Do not run on an empty stomach or when you are full (feeding your meal). If you have an empty stomach, you will lose strength. If you have a full stomach, you will have to concentrate on the digestive system of the blood. Strenuous exercise will be detrimental to your health. The best time is after meals. By 3 hours. When running fasting in the morning, etc., it is best to drink some foods that help digestion and supplement physical strength 30 minutes in advance.
Does walking and running have a stovepipe effect?
'Running - walking - running' This type of repetition can lead to unnecessary fatigue. Just as the car needs more power to accelerate from zero, the speed of 'walking-running' at the start of running is accelerated. The process needs to have a greater power in the moment.
Running can be stovepipe summary
Warm-up exercise
It is believed that warm-up exercises before exercise will not need to be popularized anymore. Especially before running, stretching of the legs is particularly important.

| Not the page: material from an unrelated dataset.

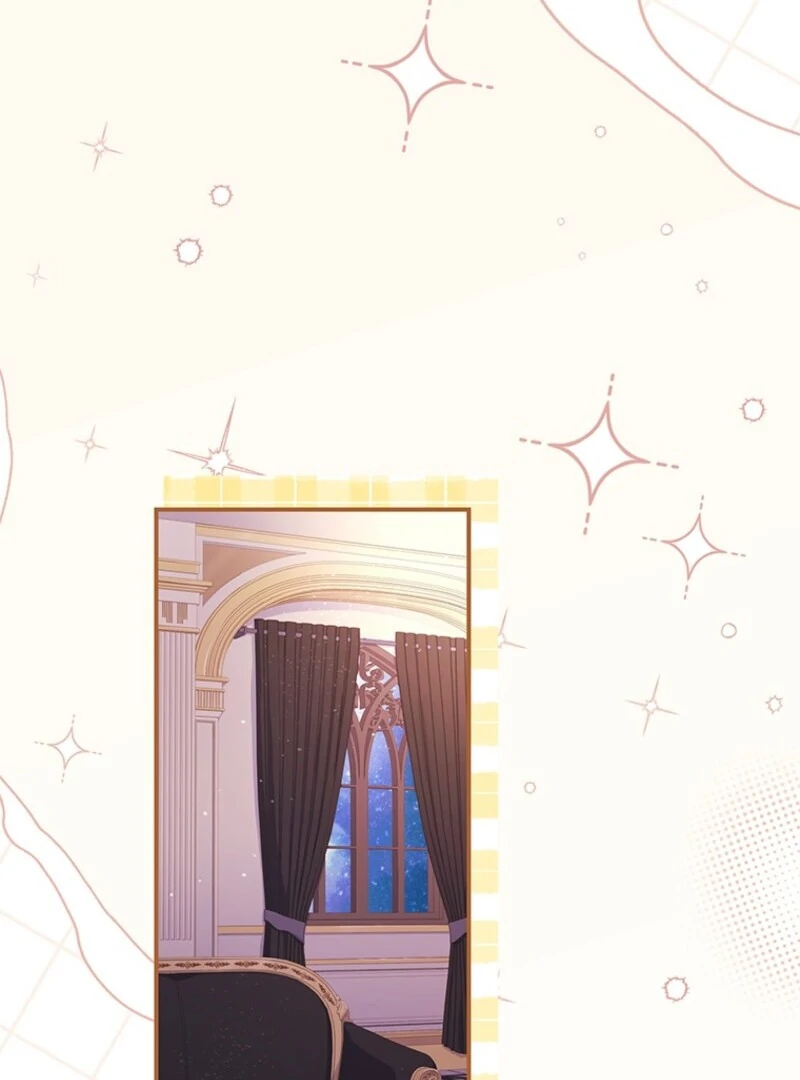 I Became the Male Lead’s Adopted Daughter Chapter 130 page 99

Only if the preheating is sufficient and stretching is in place, the calf can be Good state 'input' combat.
2. Flooring skills
The most important technique for running weight loss is that many mm runners will fall on the ground with their forefoot, but it is not easy to run them, but they are not suitable for the thick legs of the calf. The correct way to avoid the calf from getting thicker is to use the heel to land, then touch the whole foot. Jogging. Can you compare the race to race? Think of which leg athlete's calf muscle is too developed?
3. Calf stretch
Stretching is the crucial point of shaping the calf after the exercise. Here is a small trick, love the lazy mm can completely give up the traditional Alice press, a more convenient way is to stand a wide arm off the wall The distance, and then support the wall to support, the body and the wall into a 30 degree angle. For 5 minutes, feel the calf muscles are infinitely stretched, you can adjust according to your body flexibility.